**SOURCE DATA:**
--------------------------------------------------

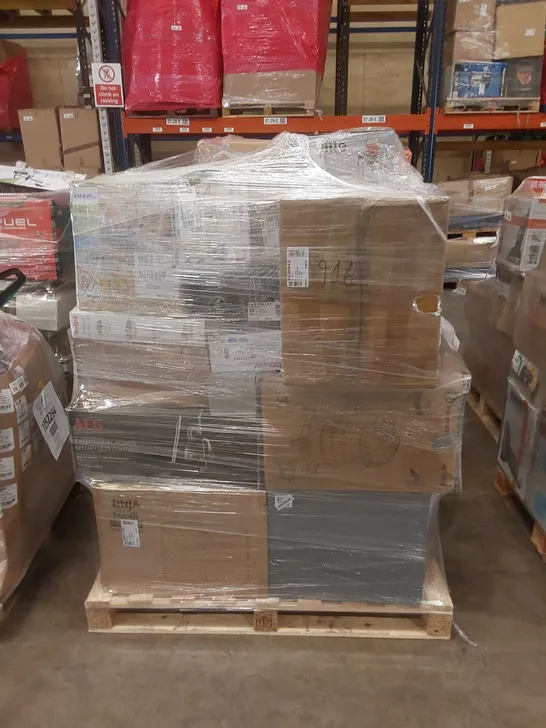 PALLET OF APPROXIMATELY 43 UNPROCESSED RAW RETURN HOUSEHOLD AND ELECTRICAL GOODS TO INCLUDE;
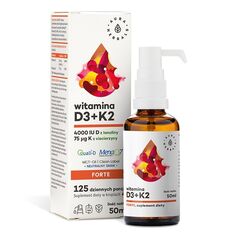 Витамин Д3 + К2 Aura Herbals Witamina D3 4000 IU + K2MK7 , 50 мл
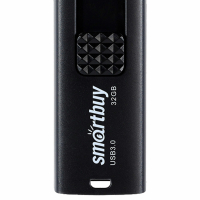Флеш-диск 32 GB SMARTBUY Fashion USB 3.0, черный, SB032GB3FSK (513914)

--------------------------------------------------

**WHAT TO PRODUCE:**
Drop the pictures and set down the data above exactly.

**SOLUTION BELOW:**
 PALLET OF APPROXIMATELY 43 UNPROCESSED RAW RETURN HOUSEHOLD AND ELECTRICAL GOODS TO INCLUDE;
 Витамин Д3 + К2 Aura Herbals Witamina D3 4000 IU + K2MK7 , 50 мл
Флеш-диск 32 GB SMARTBUY Fashion USB 3.0, черный, SB032GB3FSK (513914)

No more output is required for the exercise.